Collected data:
================

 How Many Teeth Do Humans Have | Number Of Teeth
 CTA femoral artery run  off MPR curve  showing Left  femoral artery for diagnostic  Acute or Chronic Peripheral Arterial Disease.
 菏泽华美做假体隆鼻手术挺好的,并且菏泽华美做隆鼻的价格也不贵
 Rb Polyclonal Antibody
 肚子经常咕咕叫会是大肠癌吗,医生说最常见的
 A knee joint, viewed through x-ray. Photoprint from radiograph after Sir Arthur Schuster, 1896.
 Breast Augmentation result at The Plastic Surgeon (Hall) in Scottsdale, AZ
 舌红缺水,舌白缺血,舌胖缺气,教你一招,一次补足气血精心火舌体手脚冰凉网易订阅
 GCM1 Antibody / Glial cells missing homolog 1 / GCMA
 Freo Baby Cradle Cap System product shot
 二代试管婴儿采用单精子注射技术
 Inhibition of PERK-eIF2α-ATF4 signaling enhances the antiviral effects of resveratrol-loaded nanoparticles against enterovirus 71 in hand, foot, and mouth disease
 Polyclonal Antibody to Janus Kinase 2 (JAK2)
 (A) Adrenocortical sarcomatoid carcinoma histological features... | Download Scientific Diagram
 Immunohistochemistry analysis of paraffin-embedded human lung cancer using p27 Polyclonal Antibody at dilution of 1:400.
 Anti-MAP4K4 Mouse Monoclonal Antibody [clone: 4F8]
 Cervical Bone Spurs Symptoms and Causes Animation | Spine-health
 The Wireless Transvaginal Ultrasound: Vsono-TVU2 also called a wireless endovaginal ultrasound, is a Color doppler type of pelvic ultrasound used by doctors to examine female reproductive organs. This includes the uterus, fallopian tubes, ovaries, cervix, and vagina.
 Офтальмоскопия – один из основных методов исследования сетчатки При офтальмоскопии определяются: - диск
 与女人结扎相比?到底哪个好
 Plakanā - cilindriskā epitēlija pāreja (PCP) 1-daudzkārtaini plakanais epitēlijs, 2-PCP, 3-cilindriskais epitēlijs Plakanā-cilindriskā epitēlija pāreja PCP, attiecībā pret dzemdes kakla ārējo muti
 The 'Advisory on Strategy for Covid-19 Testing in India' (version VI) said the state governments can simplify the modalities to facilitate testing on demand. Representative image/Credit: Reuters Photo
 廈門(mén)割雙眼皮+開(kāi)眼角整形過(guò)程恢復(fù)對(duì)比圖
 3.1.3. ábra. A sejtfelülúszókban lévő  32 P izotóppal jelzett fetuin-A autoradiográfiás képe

================

- **Exercise goal**
Without any change, reproduce the data in full.

- **Solved exercise**
 How Many Teeth Do Humans Have | Number Of Teeth
 CTA femoral artery run  off MPR curve  showing Left  femoral artery for diagnostic  Acute or Chronic Peripheral Arterial Disease.
 菏泽华美做假体隆鼻手术挺好的,并且菏泽华美做隆鼻的价格也不贵
 Rb Polyclonal Antibody
 肚子经常咕咕叫会是大肠癌吗,医生说最常见的
 A knee joint, viewed through x-ray. Photoprint from radiograph after Sir Arthur Schuster, 1896.
 Breast Augmentation result at The Plastic Surgeon (Hall) in Scottsdale, AZ
 舌红缺水,舌白缺血,舌胖缺气,教你一招,一次补足气血精心火舌体手脚冰凉网易订阅
 GCM1 Antibody / Glial cells missing homolog 1 / GCMA
 Freo Baby Cradle Cap System product shot
 二代试管婴儿采用单精子注射技术
 Inhibition of PERK-eIF2α-ATF4 signaling enhances the antiviral effects of resveratrol-loaded nanoparticles against enterovirus 71 in hand, foot, and mouth disease
 Polyclonal Antibody to Janus Kinase 2 (JAK2)
 (A) Adrenocortical sarcomatoid carcinoma histological features... | Download Scientific Diagram
 Immunohistochemistry analysis of paraffin-embedded human lung cancer using p27 Polyclonal Antibody at dilution of 1:400.
 Anti-MAP4K4 Mouse Monoclonal Antibody [clone: 4F8]
 Cervical Bone Spurs Symptoms and Causes Animation | Spine-health
 The Wireless Transvaginal Ultrasound: Vsono-TVU2 also called a wireless endovaginal ultrasound, is a Color doppler type of pelvic ultrasound used by doctors to examine female reproductive organs. This includes the uterus, fallopian tubes, ovaries, cervix, and vagina.
 Офтальмоскопия – один из основных методов исследования сетчатки При офтальмоскопии определяются: - диск
 与女人结扎相比?到底哪个好
 Plakanā - cilindriskā epitēlija pāreja (PCP) 1-daudzkārtaini plakanais epitēlijs, 2-PCP, 3-cilindriskais epitēlijs Plakanā-cilindriskā epitēlija pāreja PCP, attiecībā pret dzemdes kakla ārējo muti
 The 'Advisory on Strategy for Covid-19 Testing in India' (version VI) said the state governments can simplify the modalities to facilitate testing on demand. Representative image/Credit: Reuters Photo
 廈門(mén)割雙眼皮+開(kāi)眼角整形過(guò)程恢復(fù)對(duì)比圖
 3.1.3. ábra. A sejtfelülúszókban lévő  32 P izotóppal jelzett fetuin-A autoradiográfiás képe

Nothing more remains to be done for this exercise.